*** Data section ***

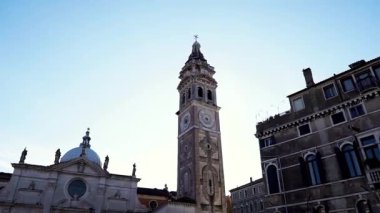 İtalya Venedik 'teki Santa Maria Formosa Kilisesi. Venedik 'teki kilise, Castello bölgesinde. Santa Maria Formosa Meydanı Venedik.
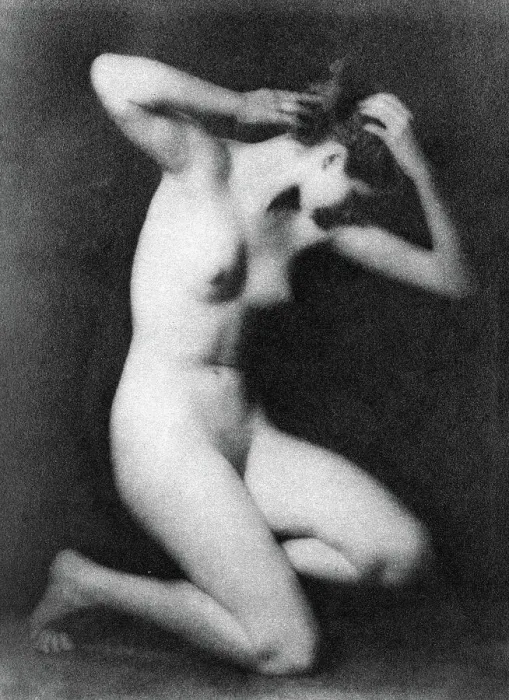 Framed Print : NUDE POSING, c1910. Nude study, c1910, by Arnold Genthe Framed Print : NUDE POSING, c1910. Nude study, c1910, by Arnold Genthe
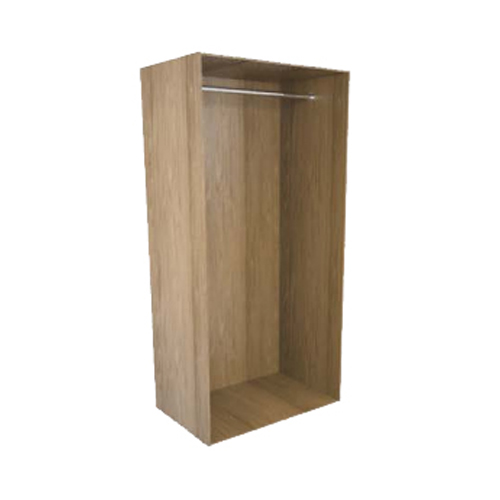 CLOSET PARA COLGAR CON CAJON OCULTO EN PANELART FRENTE 120 CMS FONDO 58 CMS ALTURA 215 CMS EN COLOR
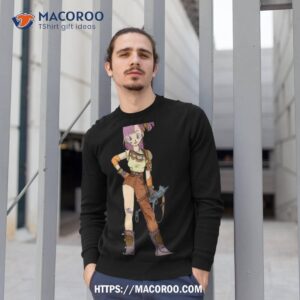 Armed Bulma Dragon Ball Shirt 2 armed bulma dragon ball shirt sweatshirt 1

*** End of Data section ***

## Task prompt
Reproduce the listing word for word, but keep the pictures out of it.

## Written response
 İtalya Venedik 'teki Santa Maria Formosa Kilisesi. Venedik 'teki kilise, Castello bölgesinde. Santa Maria Formosa Meydanı Venedik.
 Framed Print : NUDE POSING, c1910. Nude study, c1910, by Arnold Genthe Framed Print : NUDE POSING, c1910. Nude study, c1910, by Arnold Genthe
 CLOSET PARA COLGAR CON CAJON OCULTO EN PANELART FRENTE 120 CMS FONDO 58 CMS ALTURA 215 CMS EN COLOR
 Armed Bulma Dragon Ball Shirt 2 armed bulma dragon ball shirt sweatshirt 1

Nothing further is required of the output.